**Requirement**. Gather from the listing below each line that includes the word "EcoBoost", and copy it.

Recorded information below:

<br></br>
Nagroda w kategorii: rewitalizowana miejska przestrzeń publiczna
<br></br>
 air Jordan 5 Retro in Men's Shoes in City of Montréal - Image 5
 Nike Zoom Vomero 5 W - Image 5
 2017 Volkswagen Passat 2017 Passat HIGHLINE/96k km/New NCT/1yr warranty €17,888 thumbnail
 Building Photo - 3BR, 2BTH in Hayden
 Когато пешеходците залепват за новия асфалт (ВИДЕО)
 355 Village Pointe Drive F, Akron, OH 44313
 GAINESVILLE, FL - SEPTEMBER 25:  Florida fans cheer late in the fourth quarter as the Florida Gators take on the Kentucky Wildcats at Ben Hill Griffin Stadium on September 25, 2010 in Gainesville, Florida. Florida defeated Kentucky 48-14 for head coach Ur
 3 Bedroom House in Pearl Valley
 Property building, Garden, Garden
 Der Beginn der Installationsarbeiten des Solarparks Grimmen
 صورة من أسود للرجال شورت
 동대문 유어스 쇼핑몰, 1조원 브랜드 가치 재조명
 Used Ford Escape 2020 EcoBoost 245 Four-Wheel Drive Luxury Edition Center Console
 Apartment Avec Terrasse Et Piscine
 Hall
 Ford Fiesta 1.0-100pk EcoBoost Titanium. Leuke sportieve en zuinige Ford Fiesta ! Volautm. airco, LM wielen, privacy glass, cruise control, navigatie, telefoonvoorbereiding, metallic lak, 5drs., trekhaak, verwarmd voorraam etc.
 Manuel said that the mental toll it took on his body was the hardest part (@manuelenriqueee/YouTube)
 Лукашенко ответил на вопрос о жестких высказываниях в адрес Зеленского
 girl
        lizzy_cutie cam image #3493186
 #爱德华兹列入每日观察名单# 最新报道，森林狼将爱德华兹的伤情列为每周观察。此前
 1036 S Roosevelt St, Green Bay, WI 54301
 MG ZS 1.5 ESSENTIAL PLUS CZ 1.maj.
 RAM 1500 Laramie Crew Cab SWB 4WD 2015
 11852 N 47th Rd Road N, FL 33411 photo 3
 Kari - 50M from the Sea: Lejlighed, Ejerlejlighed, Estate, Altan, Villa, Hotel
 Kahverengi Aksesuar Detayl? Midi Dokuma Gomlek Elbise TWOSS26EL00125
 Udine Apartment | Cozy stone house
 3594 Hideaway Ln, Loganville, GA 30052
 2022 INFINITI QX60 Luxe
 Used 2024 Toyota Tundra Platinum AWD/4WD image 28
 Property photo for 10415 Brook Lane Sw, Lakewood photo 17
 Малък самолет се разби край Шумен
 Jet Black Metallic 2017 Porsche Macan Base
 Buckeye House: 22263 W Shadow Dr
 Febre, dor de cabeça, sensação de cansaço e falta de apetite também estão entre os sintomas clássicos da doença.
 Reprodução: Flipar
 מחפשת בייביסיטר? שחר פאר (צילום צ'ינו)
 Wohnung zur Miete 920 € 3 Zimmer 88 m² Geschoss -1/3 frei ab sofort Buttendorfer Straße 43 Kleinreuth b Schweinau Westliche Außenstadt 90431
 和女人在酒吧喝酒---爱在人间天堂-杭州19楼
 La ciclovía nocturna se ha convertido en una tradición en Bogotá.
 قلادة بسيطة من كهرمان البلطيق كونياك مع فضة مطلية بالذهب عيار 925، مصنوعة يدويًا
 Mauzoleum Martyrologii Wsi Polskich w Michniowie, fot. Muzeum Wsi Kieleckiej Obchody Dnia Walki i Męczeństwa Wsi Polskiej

End of Recorded information.

**Exercise result**.
 Used Ford Escape 2020 EcoBoost 245 Four-Wheel Drive Luxury Edition Center Console
 Ford Fiesta 1.0-100pk EcoBoost Titanium. Leuke sportieve en zuinige Ford Fiesta ! Volautm. airco, LM wielen, privacy glass, cruise control, navigatie, telefoonvoorbereiding, metallic lak, 5drs., trekhaak, verwarmd voorraam etc.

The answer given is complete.